Overall, the museum’s intelligent layout — a chronological journey over several floors — offers a visual narrative of the automobile, from the very beginning: da Vinci’s windup, spring-loaded “car” to the touchstone Jaguars and Ferraris of the present day.

“People come in and say, ‘I wasn’t interested in cars’ before they got here,” Mr. Vergara said, “and after, they realize how interesting it gets.”

Pirelli Foundation

PIRELLI FOUNDATION MUSEUM, Milan. Who knew that tires could foster a museum? But, rather than sheet metal and fuel injection, the Fondazione Pirelli in the center of Milan is sustained by rubber.

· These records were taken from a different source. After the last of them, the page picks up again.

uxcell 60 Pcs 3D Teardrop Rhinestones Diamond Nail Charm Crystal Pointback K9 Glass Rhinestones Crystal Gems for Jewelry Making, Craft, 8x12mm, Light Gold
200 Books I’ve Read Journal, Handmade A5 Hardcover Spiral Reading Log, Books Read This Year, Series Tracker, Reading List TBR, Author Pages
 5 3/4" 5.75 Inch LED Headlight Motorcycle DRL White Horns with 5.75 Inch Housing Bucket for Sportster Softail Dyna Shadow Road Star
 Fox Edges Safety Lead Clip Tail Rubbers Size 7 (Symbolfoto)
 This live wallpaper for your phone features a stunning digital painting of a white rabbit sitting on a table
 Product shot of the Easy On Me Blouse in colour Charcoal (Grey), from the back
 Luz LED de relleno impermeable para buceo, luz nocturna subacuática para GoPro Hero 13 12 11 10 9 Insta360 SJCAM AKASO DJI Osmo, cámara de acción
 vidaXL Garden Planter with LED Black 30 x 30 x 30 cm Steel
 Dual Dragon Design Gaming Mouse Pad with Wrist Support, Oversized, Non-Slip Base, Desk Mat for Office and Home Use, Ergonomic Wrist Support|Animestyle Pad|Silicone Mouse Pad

An Italian institution, Pirelli traces its influence though decades (it turns 150 next year) and beyond just tires, although motorsports fans are familiar with the brand because Pirellis are the only tires allowed in Formula 1 racing. The displays at the foundation, including paintings, films and Pirelli’s collection of ultrasophisticated advertising posters, emphasize the company’s work to propagate art and culture among its work force. (In 2017, the Orchestra da Camera Italiana performed a concert inside a Pirelli plant.)

There’s pride of place here as well for the notorious Pirelli Calendar. The full-color, oversize calendars — called “the Cal” — became cult items in the 1960s and ’70s, featuring glamorous women in various states of undress. When easy nudity fell out of favor later, the calendars became more art and less Playboy.

There’s also an extensive archive of historical documents and articles if your interest in Pirelli is more academic. Students and researchers are allowed access by arrangement.